Published several papers including 'LGDC: Latent Graph Diffusion via Spectrum-Preserving Coarsening' accepted at NeurIPS 2025 New Perspectives in Advancing Graph Machine Learning Workshop, 'CliquePH: Higher-Order Information for Graph Neural Networks through Persistent Homology on Clique Graphs' accepted at LoG 2024, 'Exact, Tractable Gauss-Newton Optimization in Deep Reversible Architectures Reveal Poor Generalization' and 'Deep Equilibrium Algorithmic Reasoning' both accepted at NeurIPS 2024, among others.
Research Experience
Research Scientist Intern at Meta AI (London) and Samsung AI Research (Cambridge), and visiting student in Professor Pietro Liò's group at the University of Cambridge and Dr.

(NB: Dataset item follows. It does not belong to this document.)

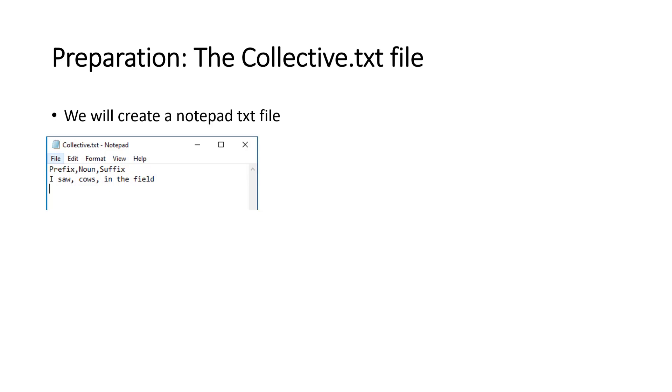We'll also prepare a notepad file. A TXT file. You can do it in notepad. It's nice and easy. It's available on all Windows boxes. collective.txt. And you just have it like that. Prefix comma noun comma suffix. And 'I saw' comma 'cows' comma 'in the field'. So that's basically three columns of data in a CSV format in a TXT file.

Bastian Rieck's group at Helmholtz Munich.
Education
Ph.D. in Information Engineering from the University of Padova, supervised by Professor Fabio Vandin, focusing on Graph Neural Networks and Graph Representation Learning.
Background
Senior Deep Learning Researcher at MediaTek Research in London. Broad interest in Deep Learning, with a current focus on foundation models for multimodal time-series, optimization, and representation learning for structured data.